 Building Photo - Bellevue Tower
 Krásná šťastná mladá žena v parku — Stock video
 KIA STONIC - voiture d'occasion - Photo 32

- **TASK DETAILS**:
Set down each line exactly as it appears in the data.

- **ANSWER TO THIS EXERCISE**:
 Building Photo - Bellevue Tower
 Krásná šťastná mladá žena v parku — Stock video
 KIA STONIC - voiture d'occasion - Photo 32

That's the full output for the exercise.